# EE' Eggs not as bright as I thought..



## geminicowgirl (Sep 20, 2012)

My 3 hens are all doing well since I brought them home. 2 seem to be laying well, (it's only been about 4 days since I brought them home) the third has yet to lay any eggs yet. She is shy but seems to be the smartest one out of the bunch. They were all hatched last summer so they are all only just turning one. The eggs are blue and one almost has a green tint. Will they darken with age or will they always be this light?


----------



## Energyvet (Jul 25, 2012)

I believe the color will stay the same.
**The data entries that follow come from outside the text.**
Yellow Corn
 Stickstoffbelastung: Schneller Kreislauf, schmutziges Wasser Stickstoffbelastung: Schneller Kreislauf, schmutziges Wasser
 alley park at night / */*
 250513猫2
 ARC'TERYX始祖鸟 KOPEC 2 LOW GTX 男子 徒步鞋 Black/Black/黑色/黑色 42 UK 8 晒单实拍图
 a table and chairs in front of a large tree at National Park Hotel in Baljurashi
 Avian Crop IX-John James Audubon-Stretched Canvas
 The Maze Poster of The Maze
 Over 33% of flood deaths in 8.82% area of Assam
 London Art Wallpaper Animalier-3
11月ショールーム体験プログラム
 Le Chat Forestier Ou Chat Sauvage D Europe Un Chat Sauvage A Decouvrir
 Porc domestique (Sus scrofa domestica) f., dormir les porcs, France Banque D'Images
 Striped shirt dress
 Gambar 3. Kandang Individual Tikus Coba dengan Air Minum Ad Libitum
I think that's one reason why people like EE is the beautiful color of their eggs.


----------



## geminicowgirl (Sep 20, 2012)

Yes that's what drew me to the breed but I had hoped for more vibrant colours lol


----------



## Sundancers (Jun 20, 2012)

I think it is the bird ... or that has been in my experience over the years. Right now I get a light green, a olive green, one pale blue and my son has a banty that will give us a robin egg blue. (and it is not much larger than that also.lol)

Of all the eggs over the years most have been on the pale side but very pretty non the less.


----------



## cogburn (Jul 16, 2012)

They are almost a pastel green or blue, I have 3, and they will vary a bit, but tend to stay on the lighter side of green or blue.


----------



## Energyvet (Jul 25, 2012)

I just saw this in food and wine magazine:


----------



## geminicowgirl (Sep 20, 2012)

Very cool EnergyVet, what region are you from?


----------



## Energyvet (Jul 25, 2012)

I'm from New Jersey in the East Coast. I've lived in Ohio, Wisconsin and Nebraska too. But now I'm back where I started in NJ. I've had a lot of friends throughout my life that were Geminis. Are you in May or June?


----------



## geminicowgirl (Sep 20, 2012)

May 26th and from London On Canada, not too far from Ohio, would have to google map New Jersey tho lol


----------